Fu ricevuto durante la sua permanenza in Roma più di una volta dal Santo Padre, con molta distinzione ed amorevolezza. Non dette però consigli, perchè il Santo Padre non ne abbisognava e non gli avrebbe ricevuti giammai da un messaggiero inviato dal governo inglese. D’altra parte la sua qualifica non officiale, ma semplicemente officiosa, noi comportava. Le miserie degl’Irlandesi si disse, ed il desiderio di alleviarne le sorti, essere stato il tema dei discorsi fra il Santo Padre e l’anfibio rappresentante della Gran Brettagna.

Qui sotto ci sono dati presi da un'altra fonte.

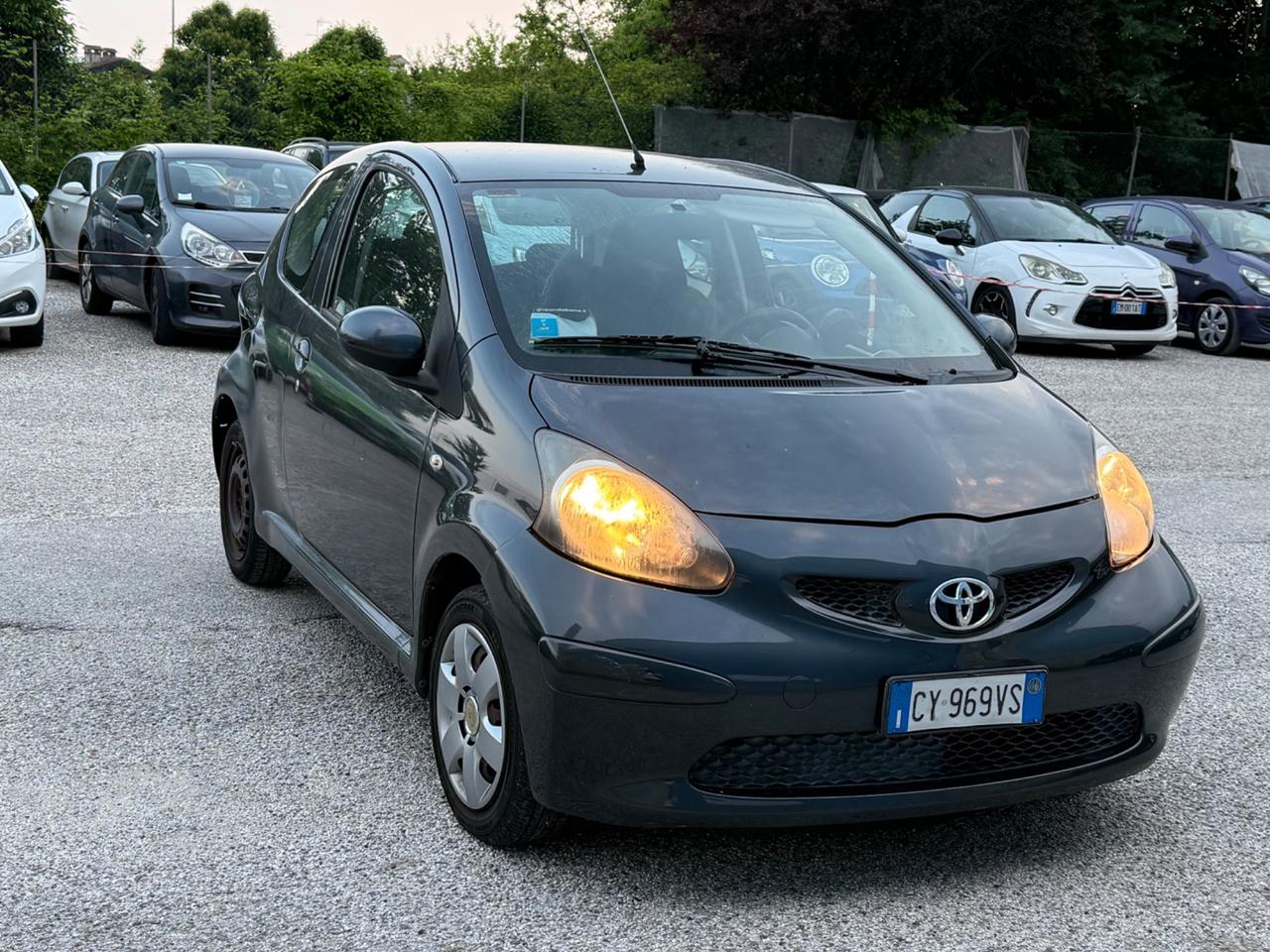 Toyota Aygo 1.0 12V VVT-i 5 porte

L’alta società lo conobbe nelle conversazioni serali. In un’accademia che davasi al teatro di Apollo dal principe Torlonia per onorare lo installamento della Consulta di stato il 15 novembre 1847, lord Minto, invitato nei palchi riservati pei consultori, vi fece la sua comparsa, Ci intervenutovi per alcuni istanti anche il Ciceruacchio, questi confabulò col lord inglese, il quale usò tale affabilità di modi, quasi che si trattasse fra potenza e potenza. Il nobile lord edificò tutti, perchè dette a conoscere che l’inglese aristocrazia, superba coi superbi, non isdegnava d’intrattenersi famigliarmente cogli umili, simile in questo agli antichi Romani che professavano il principio del parcere subjectis et debellare superbos.

La sera al tardi, ritornato a casa il milord, ebbe dal solito popolo una dimostrazione sotto alle sue finestre. Ed egli presentatosi al balcone, applaudì al Sommo Pio, alla patria nostra, alla indipendenza italiana, come ci raccontò la Pallade.1

Fra gl’individui che più di frequente lo avvicinavano erano, oltre il prediletto Ciceruacchio, il principe di Canino, il Masi, lo Sterbini, e il d’Azeglio; il suo ritrovo

  1. Vedi la Pallade num. 100, pag. 2; vedi l’Italia pag. p7.